Private investors, meanwhile, would persist in buying stocks because they believed corporate profits would keep going up, he said.

"The test will come when the Fed has to keep hiking rates," he said.

"Could the US market come off more abruptly? Yes, because it has come up so abruptly. And, therefore, the dollar could be hit hard in the second half of this year," Lyons said.

"Historical valuations suggest that the US stock market was overvalued a year ago, and now more overvalued. I think we are already in the bear market for bonds," he said.

Lyons predicted that the Federal Reserve would push its key base rate from 5.50 to 6.75 percent between now and the end of 2000.

The US stock market plunged in the first week of 2000, sending panic across the globe, but pulled back to become even stronger despite Federal Reserve Board chief Alan Greenspan's warning that soaring equity values could provoke economic overheating.

On the repercussions for Asia if the US market collapsed, Lyons said Asian stocks markets which were strong in the first half of 2000 could be vulnerable.

He forecast that the US situation would further encourage Asian central banks to keep interest rates low.

"There will be no need to prematurely tighten policy aggressively if there is a sharp sell off in the US economy," he said.

But Asian central banks which had built up US dollar-based reserves could be hit because "the dollar will be a casualty if the US market comes off.

They needed to diversify their currency holdings, he warned.

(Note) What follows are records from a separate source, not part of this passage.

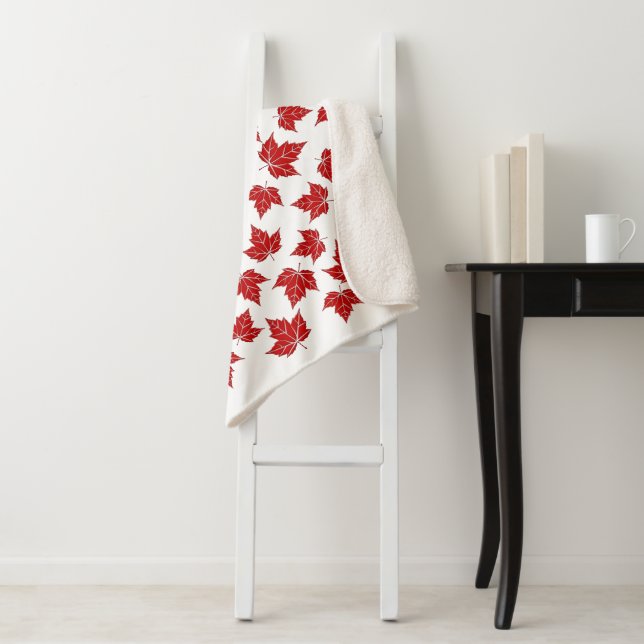 Manta Sherpa Canada Blanket Canada Maple Leaf Throw Blankets (In situ)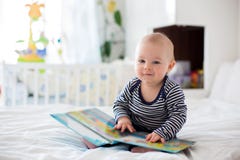 Portrait Of A Cute Infant Baby Boy. Happy Childhood Concept. Stock Photography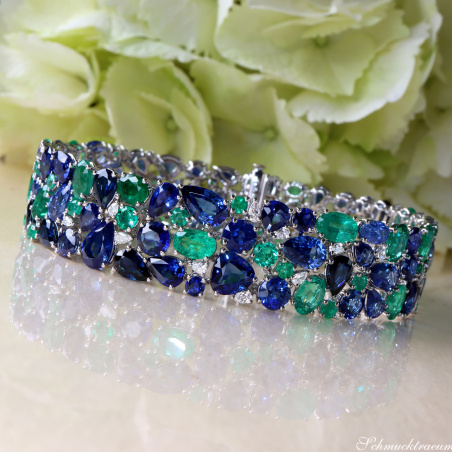 Luxuriöses Saphir Armband mit Smaragden und Diamanten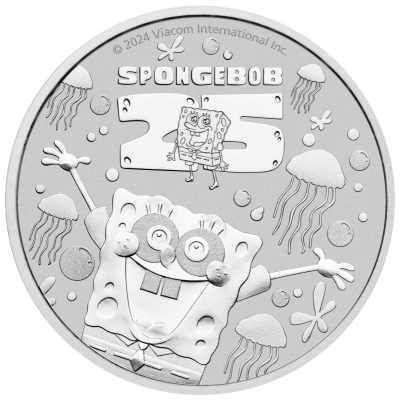 Spongebob Squarepants - 1 Oz - MONEDĂ DE ARGINT PENTRU INVESTIȚII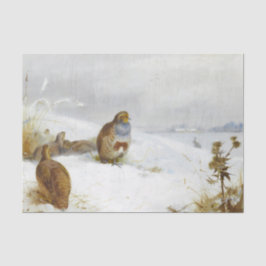 Papel De Seda Tiempos difíciles: perdices y liebre, aves artísti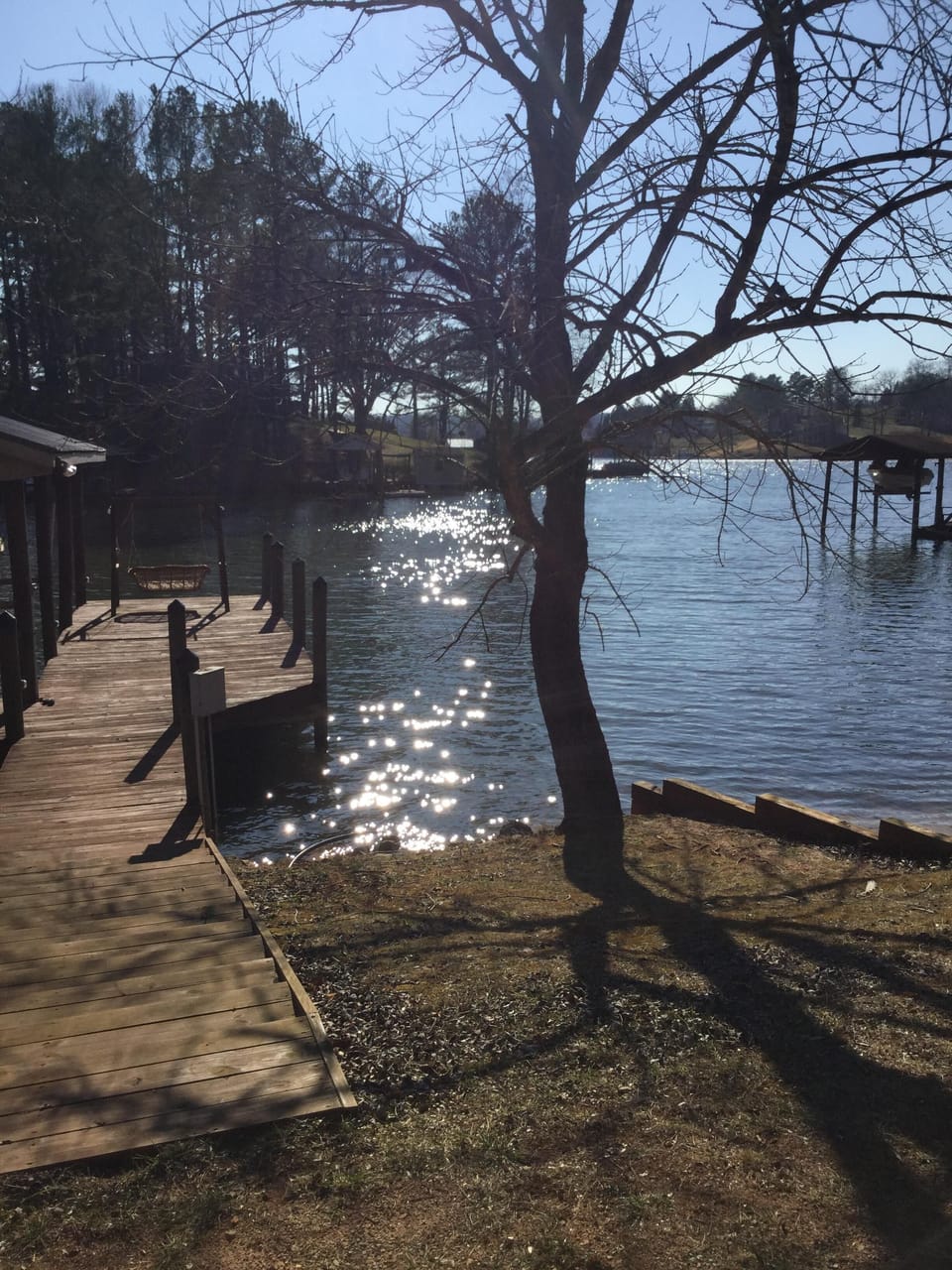 Another view of the dock! Sandy beach to the right !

Based on anticipated problems in the US financial markets, Lyons said the Singapore dollar was expected to soar in the second half because of its status as a safe haven currency in Asia during crisis.

He expected the Singapore dollar to hit the 1.5000 level by the end of 2000 from 1.6750 at present.

Lyons also expected the Malaysian authorities to maintain capital controls which had helped the economy rapidly recover from crisis.

But he said Kuala Lumpur would repeg the ringgit at 3.50 to the US dollar from the present level of 3.80.

"If I was advising the Malaysian authorties I will say: 'For now, keep things as they are. The economy looks in good shape and there is tremendous volatity out there in the global economy'," he said, again citing the US stock meltdown as a key threat.

Apart from the Singapore dollar, Lyons said the South Korean won, Taiwan dollar and the Thai baht should remain "strong" in 2000.